Task -
What is needed is an exact copy of every entry below, with the pictures left out.

Brief descriptive captions -
----------

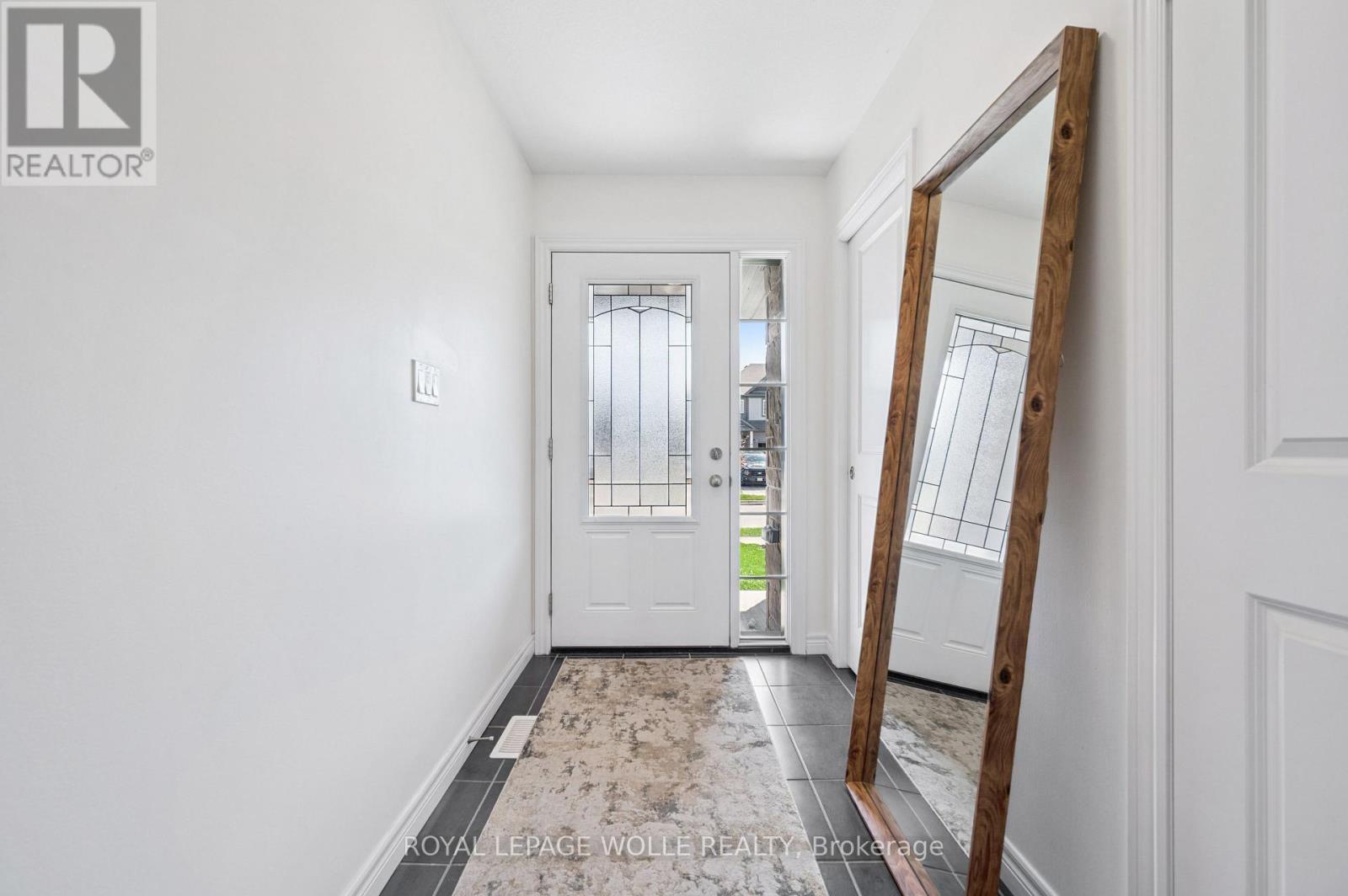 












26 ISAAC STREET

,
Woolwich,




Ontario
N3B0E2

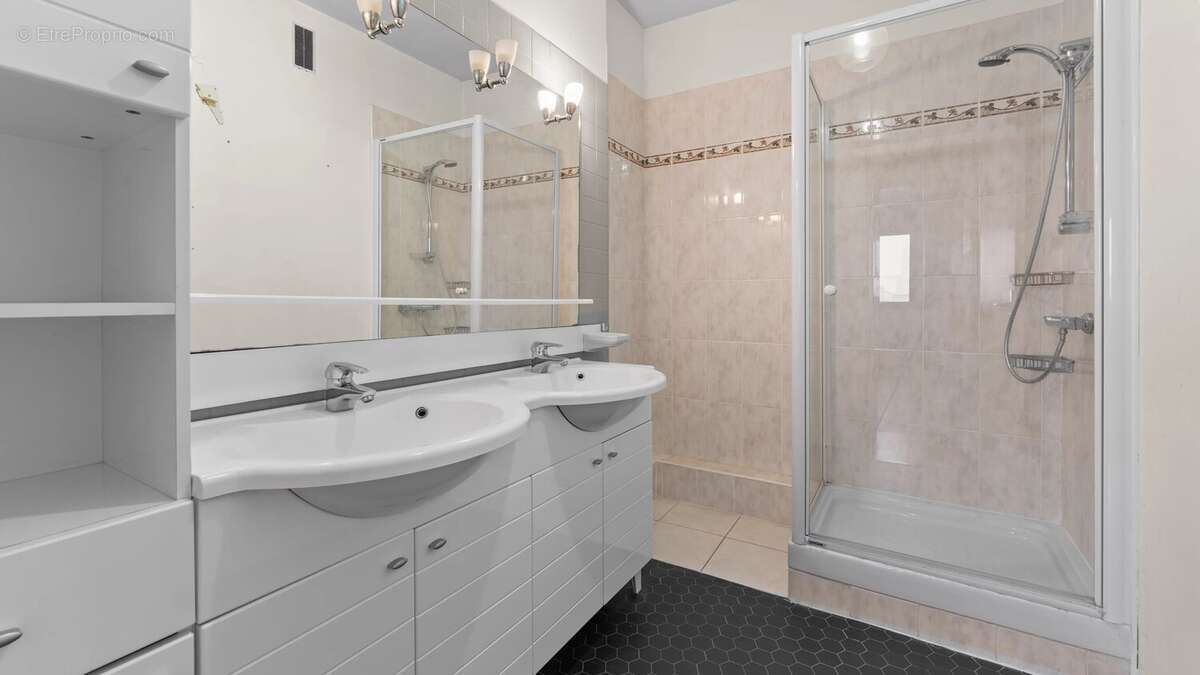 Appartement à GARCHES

----------

Written reply -
26 ISAAC STREET

,
Woolwich,




Ontario
N3B0E2

 Appartement à GARCHES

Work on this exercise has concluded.